Eclipse Community Forums
Forum Search:

Search      Help    Register    Login    Home
Home » Modeling » TMF (Xtext) » Xtext grammar for real literals and filenames with a . dot extension
Xtext grammar for real literals and filenames with a . dot extension [message #996670] Wed, 02 January 2013 16:42 Go to next message
Elvis Dowson is currently offline Elvis Dowson
Messages: 38
Registered: December 2011
Member
Hi,
I have the following grammar defined, but have an issue with detecting real literals, after adding support for detecting filenames with a . dot extension.

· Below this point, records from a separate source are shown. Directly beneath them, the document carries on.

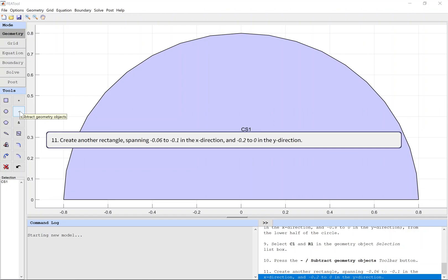Create another rectangle spanning -0.06 to -0.1 in the X direction, and -0.2 to 0 in the Y direction.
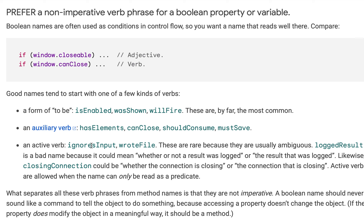These are rare because they are usually ambiguous. `loggedResult` is a bad name because it could mean whether or not the result was logged, or that the result was logged — it can mean either of the two things. Similarly, `closingConnection` can also mean whether the connection is closing, or a declaration like 'I am going to close the connection', so there is confusion and we should try to avoid using these kinds of names.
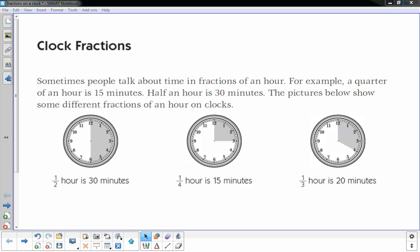Thanks for joining me, this is Mr. Knowles. This video focuses on fractions on a clock. The worksheet that goes with this video is called clock fractions. I'm going to get started — sometimes people talk about time in fractions of an hour.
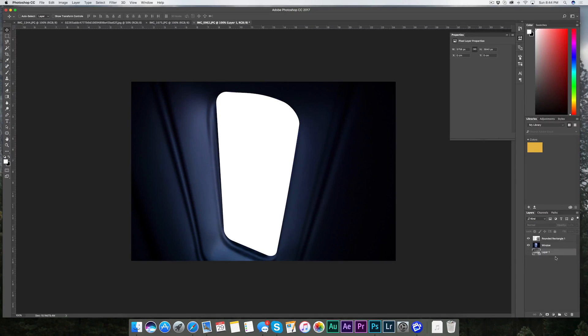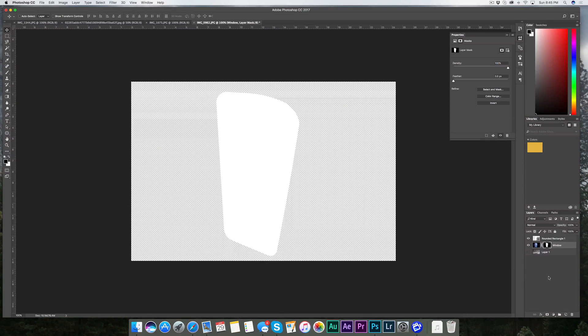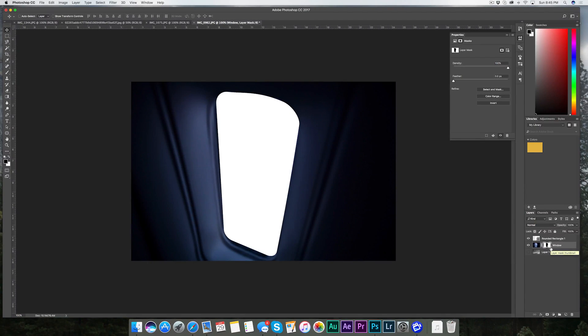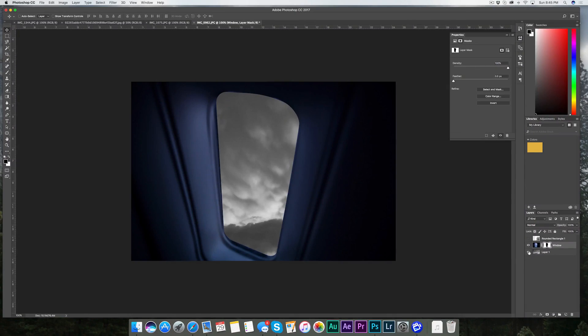Bring that opacity back up to 100. Now, the layer you want showing through the window needs to be on the bottom — copy the Paris image and drag it to the bottom. Hold down Command and click on the Rounded Rectangle layer to get a selection of marching ants around the rectangle. Then, while that's selected, click on the window layer, come down, and select 'Create Layer Mask.' Don't be alarmed — just hit Command+I to invert it. Now we've punched a hole through the window picture using that shape as a guide.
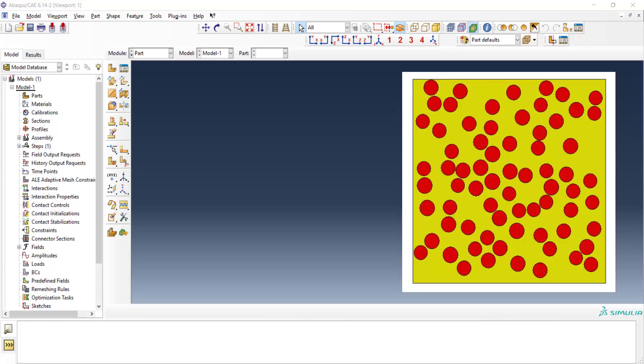Welcome to this video. This series of videos explains how to create an RVE or unit cell of randomly distributed fibers in a composite.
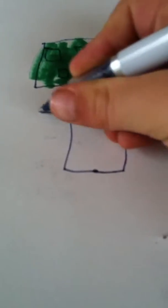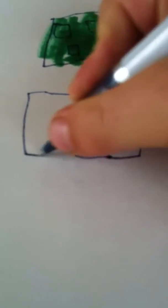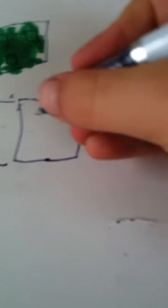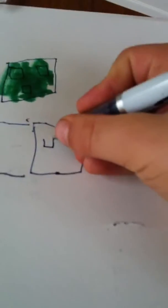Then you're going to make another side here. And you're going to make a square here.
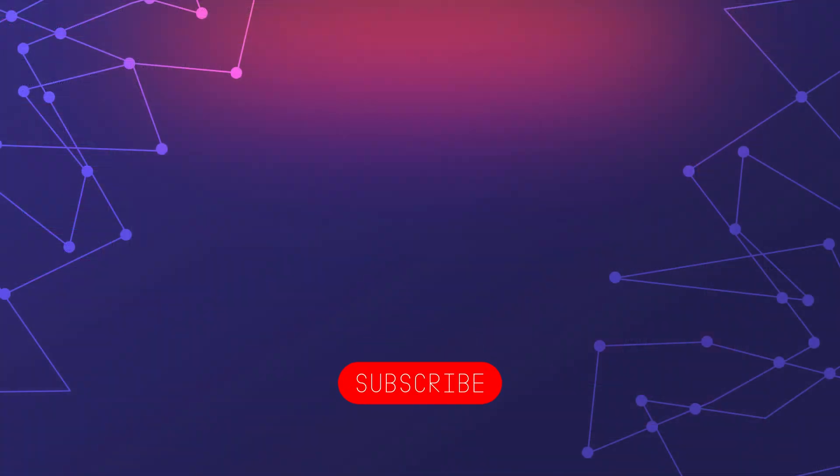The link is in the description. Don't forget to like and subscribe for more content like this, and I hope I will see you in the next video. Bye bye.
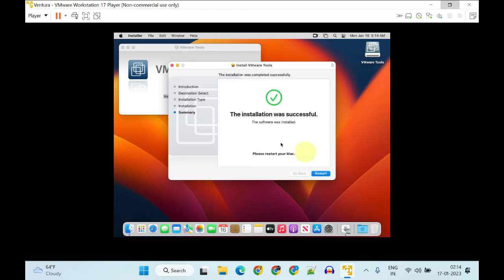As you can see, the installation is successful. Please go ahead and restart one last time for this whole process to take effect.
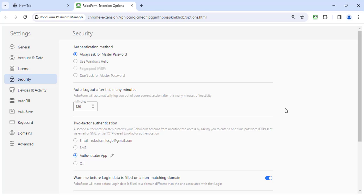You have now enabled 2FA. Moving forward, when accessing your RoboForm account from a new device, a one-time password will be sent to your Authenticator App. You must successfully enter this six-digit numeric code into RoboForm to complete the authorization of that device before you can access your account.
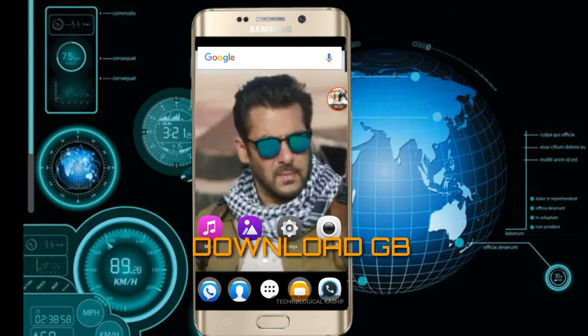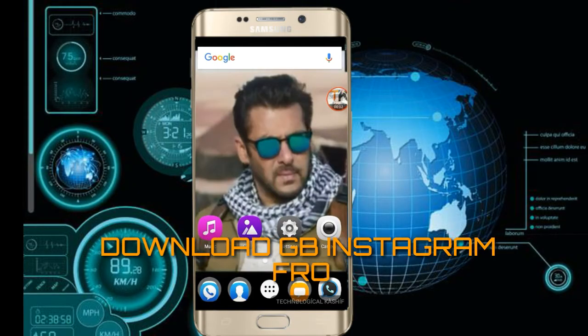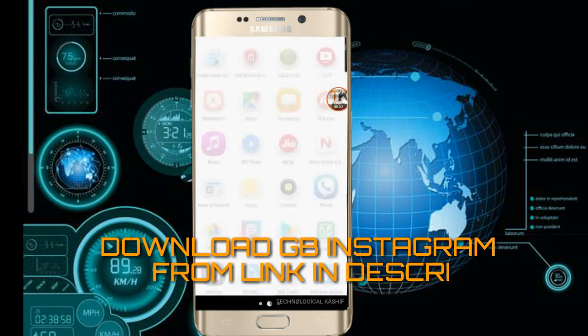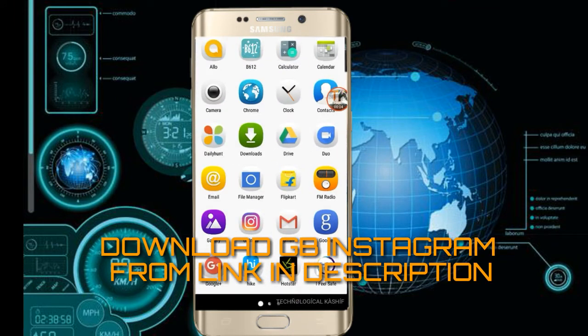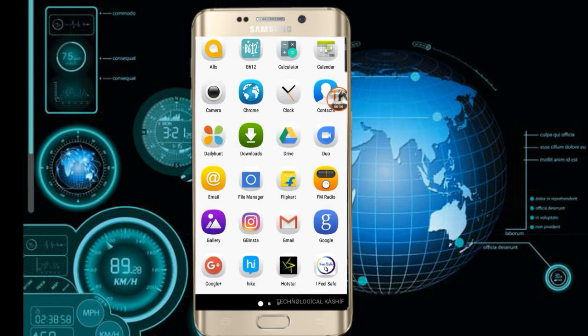First of all, check my description for the download link and download GB Instagram from there.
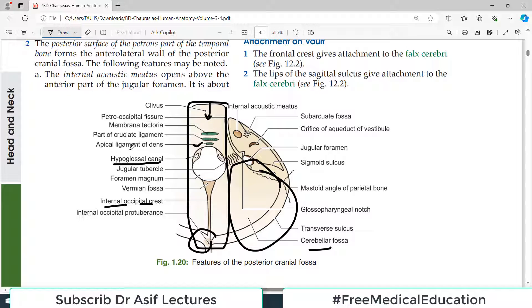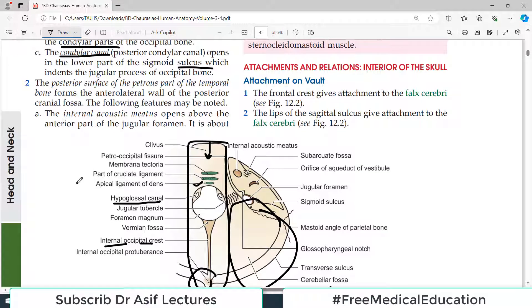There is also a condylar canal which opens in the lower part of the sigmoid sulcus — another important structure to remember. The key point is to study the base of the skull systematically across the three cranial fossae — anterior, middle, and posterior — noting boundaries, the middle part structures, and the lateral part structures. That way it becomes easy to remember everything.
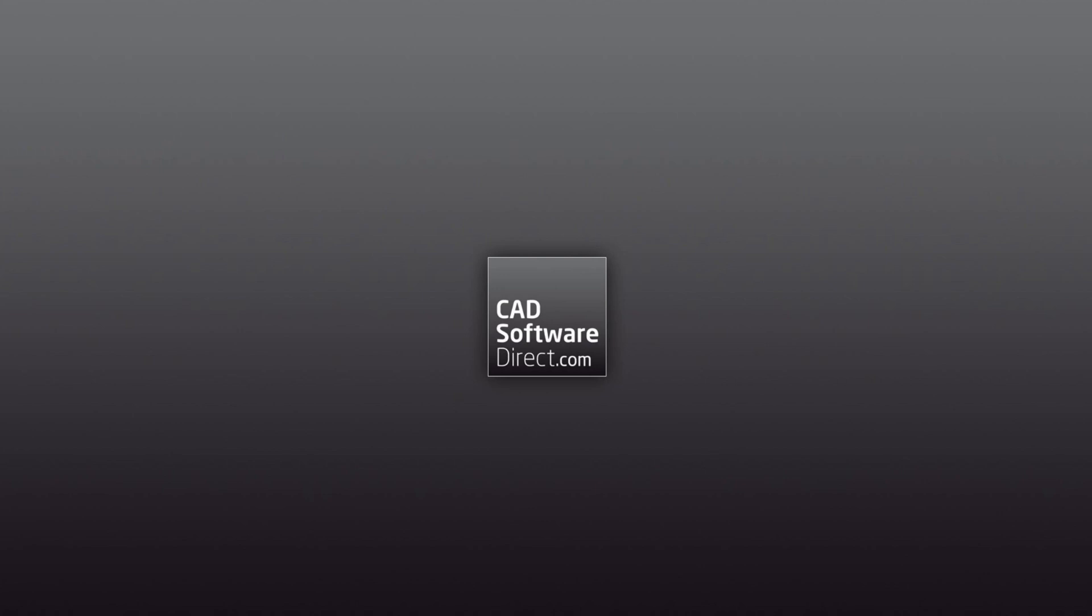In this video, we're going to take a look at downloading and activating your copy of Vectorworks. When you place a Vectorworks order with us, we will process the order within one working day.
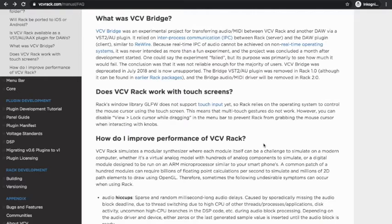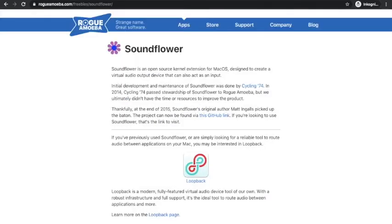I was looking for alternate ways to do this and I came across Sunflower, which used to be a free software and a lot of people used it. It's a brilliant software but it was purchased by another developer and it's now called Lubeck.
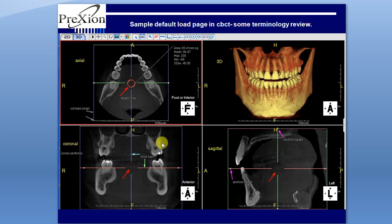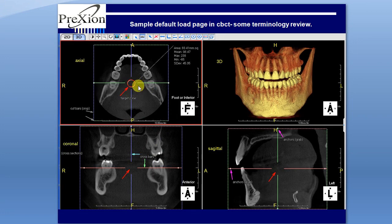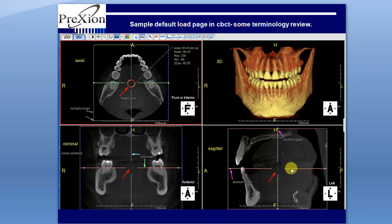For a quick overview of terms, we will note the crossbars. In between the crossbars is called a target zone. The crossbar has lines and if you look at the circles, these are grab points or tilting points. Note your planes: axial, coronal, sagittal, and your 3D rendered image in the right hand corner.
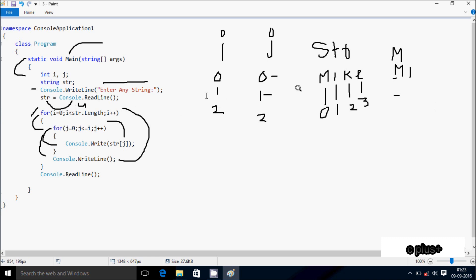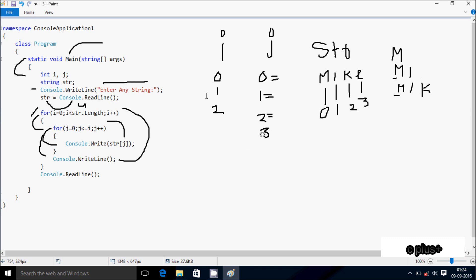i is now 2. j starts at 0, print str at position 0 — 'M'. j increments to 1, condition true, print str at position 1 — 'I'. j increments to 2, condition 2 less than or equal to 2 is true, print str at position 2 — 'K'. j increments to 3, condition 3 less than or equal to 2 is not true. Console.writeline moves cursor to new line.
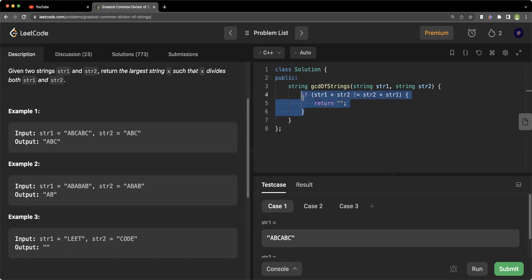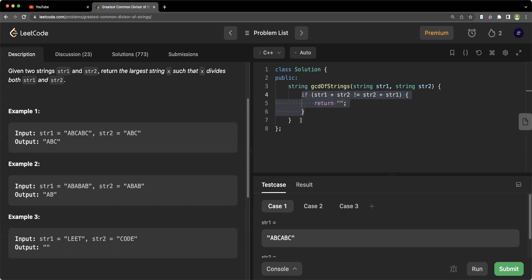This checks whether a GCD exists. Next we have to actually find the GCD. I hope you all know how we find the GCD of two numbers — if not, I will link a video you can check out. We do it using the Euclidean algorithm.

The real expressions used to work, prior to adding support for detecting filenames with extensions

Failed tests
real 1312.123e+123
real 1312.123
real 1312_1312.123_123
real 1312_1312.123123e+123
real 1234.1232e-234234
real 1234.123123E+1232

include <header>


Passed tests
include "filename"
include "filename.txt"
include <filename.txt>
include <filename.txt.bak>


Terminals.xtext
grammar com.example.mydsl.xtext.common.Terminals hidden(WS, ML_COMMENT, SL_COMMENT)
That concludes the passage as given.